[Data provided Boundary: Start]

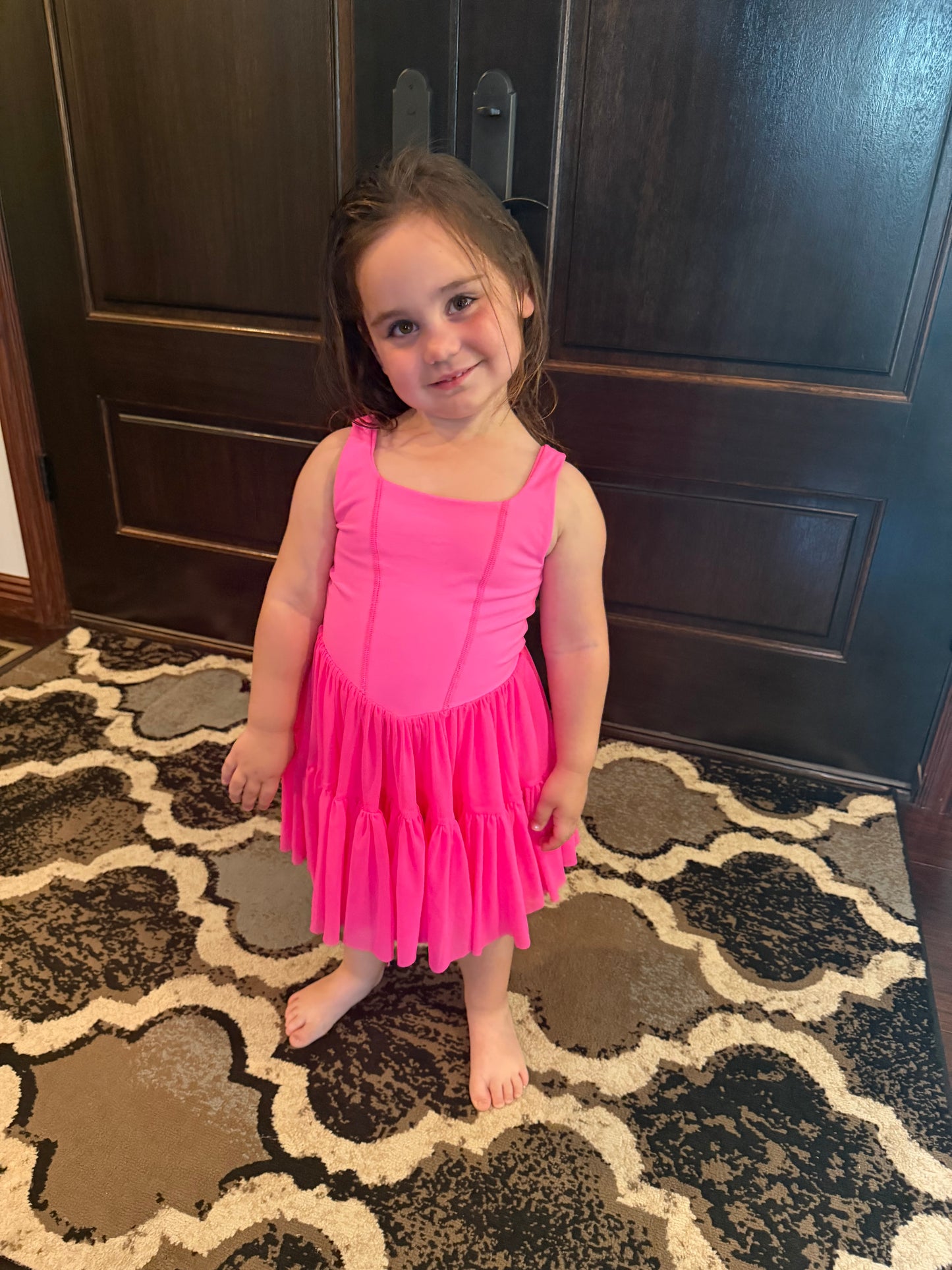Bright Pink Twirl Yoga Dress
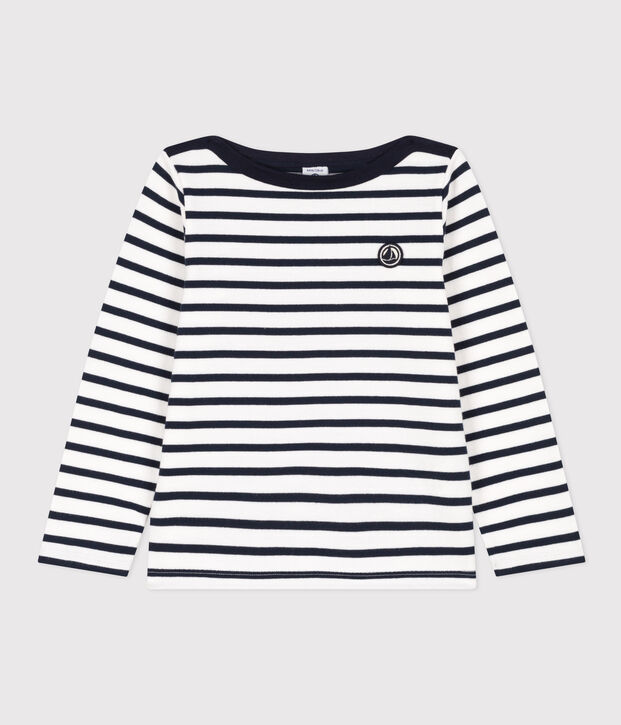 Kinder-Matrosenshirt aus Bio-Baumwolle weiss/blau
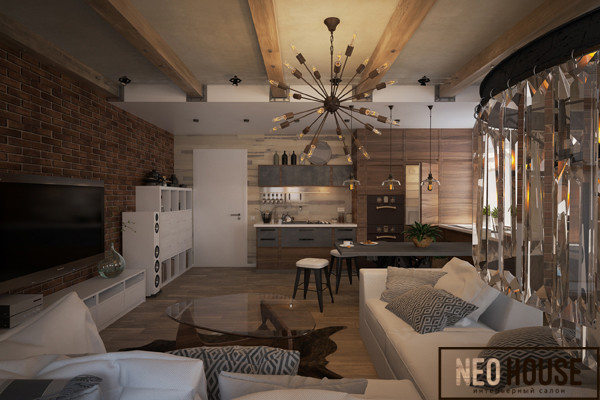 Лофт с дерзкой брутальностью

[Data provided Boundary: End]
[Data provided Boundary: Start]

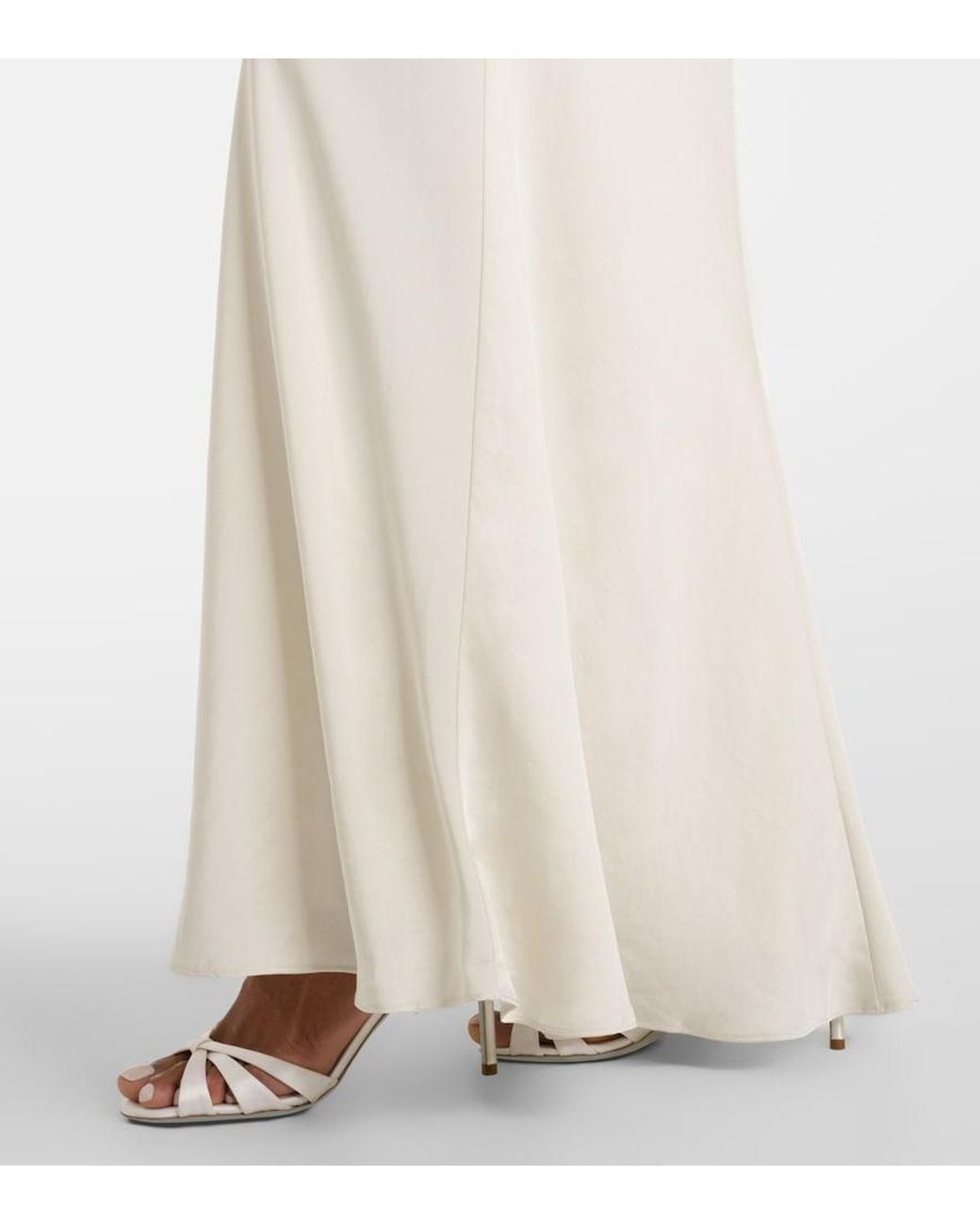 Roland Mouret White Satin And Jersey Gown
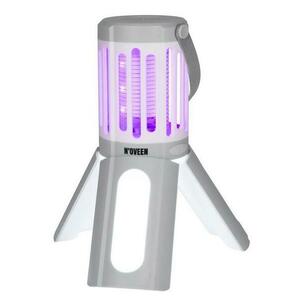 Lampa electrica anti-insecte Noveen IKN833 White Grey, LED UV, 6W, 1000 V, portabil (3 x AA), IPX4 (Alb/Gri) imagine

[Data provided Boundary: End]
[Data provided Boundary: Start]

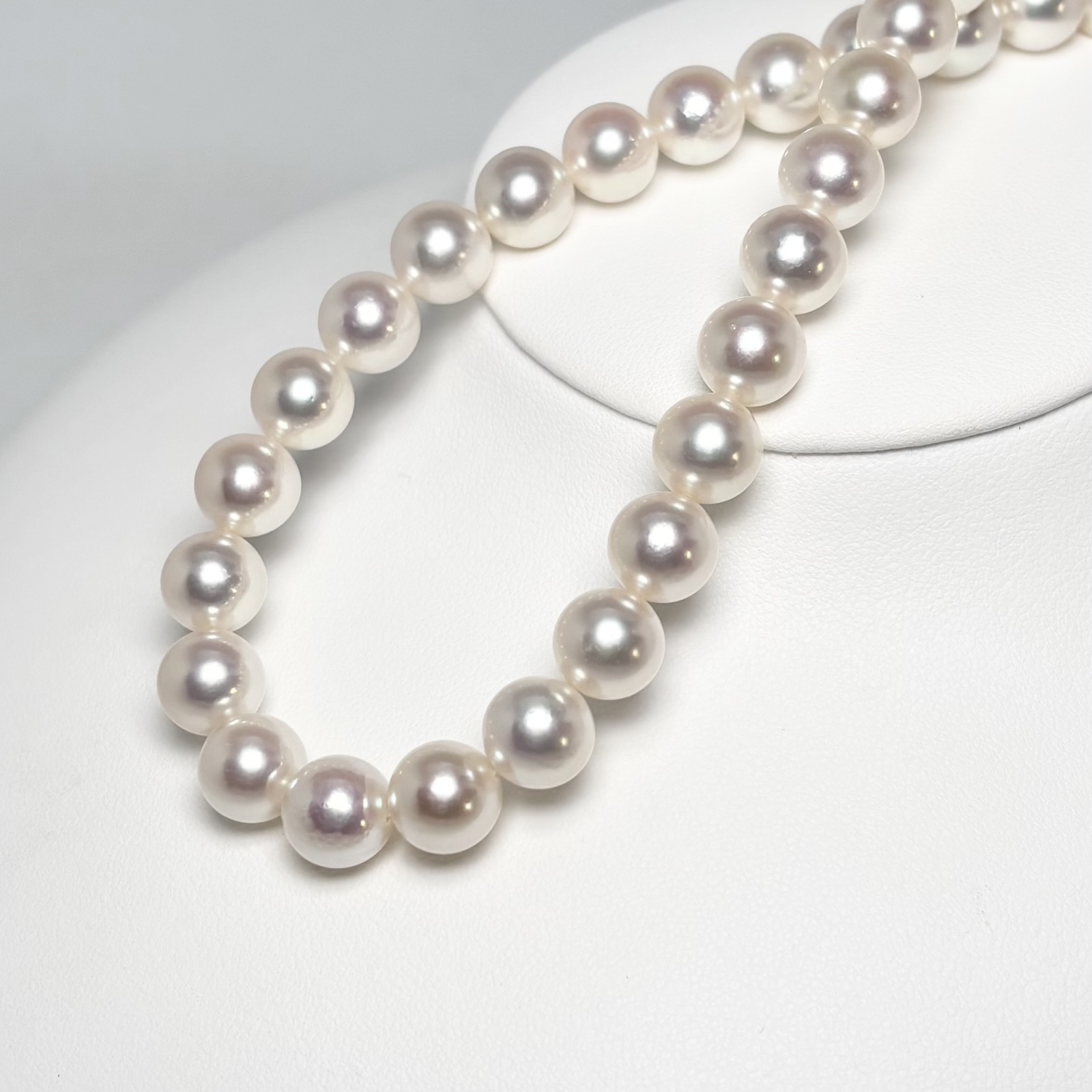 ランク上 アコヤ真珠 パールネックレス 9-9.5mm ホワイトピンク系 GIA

[Data provided Boundary: End]

**Problem requirements**
Print from the line containing "Roland Mouret White Satin And Jersey Gown" through the line containing "Lampa electrica anti-insecte" in the data above, exactly as the lines stand, and omit every picture.

**Exercise output**
 Roland Mouret White Satin And Jersey Gown
 Lampa electrica anti-insecte Noveen IKN833 White Grey, LED UV, 6W, 1000 V, portabil (3 x AA), IPX4 (Alb/Gri) imagine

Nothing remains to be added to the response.